Data for the task Start Marker

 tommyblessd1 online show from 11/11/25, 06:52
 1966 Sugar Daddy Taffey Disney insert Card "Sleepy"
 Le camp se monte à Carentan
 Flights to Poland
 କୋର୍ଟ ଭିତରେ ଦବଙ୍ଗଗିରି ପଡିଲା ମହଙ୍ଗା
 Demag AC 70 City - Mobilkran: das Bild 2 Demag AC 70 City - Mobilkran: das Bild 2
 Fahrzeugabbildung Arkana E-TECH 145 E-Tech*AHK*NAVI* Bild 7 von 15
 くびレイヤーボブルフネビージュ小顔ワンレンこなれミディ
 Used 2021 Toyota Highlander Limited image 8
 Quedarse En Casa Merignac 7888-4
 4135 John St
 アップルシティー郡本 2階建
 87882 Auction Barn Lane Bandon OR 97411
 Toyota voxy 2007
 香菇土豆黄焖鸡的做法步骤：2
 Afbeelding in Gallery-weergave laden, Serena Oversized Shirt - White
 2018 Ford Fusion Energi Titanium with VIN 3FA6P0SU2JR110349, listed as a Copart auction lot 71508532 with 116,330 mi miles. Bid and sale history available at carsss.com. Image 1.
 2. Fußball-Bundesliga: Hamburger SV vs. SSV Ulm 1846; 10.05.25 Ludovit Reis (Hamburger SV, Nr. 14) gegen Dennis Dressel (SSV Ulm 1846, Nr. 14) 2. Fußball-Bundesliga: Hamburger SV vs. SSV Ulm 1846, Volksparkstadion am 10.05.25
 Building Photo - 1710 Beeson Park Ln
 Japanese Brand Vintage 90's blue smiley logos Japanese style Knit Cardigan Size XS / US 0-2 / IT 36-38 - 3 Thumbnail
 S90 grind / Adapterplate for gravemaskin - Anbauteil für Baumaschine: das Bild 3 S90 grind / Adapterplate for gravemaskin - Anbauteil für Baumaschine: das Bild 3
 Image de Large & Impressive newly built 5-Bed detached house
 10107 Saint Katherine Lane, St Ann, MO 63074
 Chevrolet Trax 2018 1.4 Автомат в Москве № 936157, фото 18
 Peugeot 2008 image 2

Data for the task End Marker

| What the task asks |
Please write out exactly the line containing "Chevrolet Trax 2018" and every line after it through the end of the records, nothing more.

| Reply to the exercise |
 Chevrolet Trax 2018 1.4 Автомат в Москве № 936157, фото 18
 Peugeot 2008 image 2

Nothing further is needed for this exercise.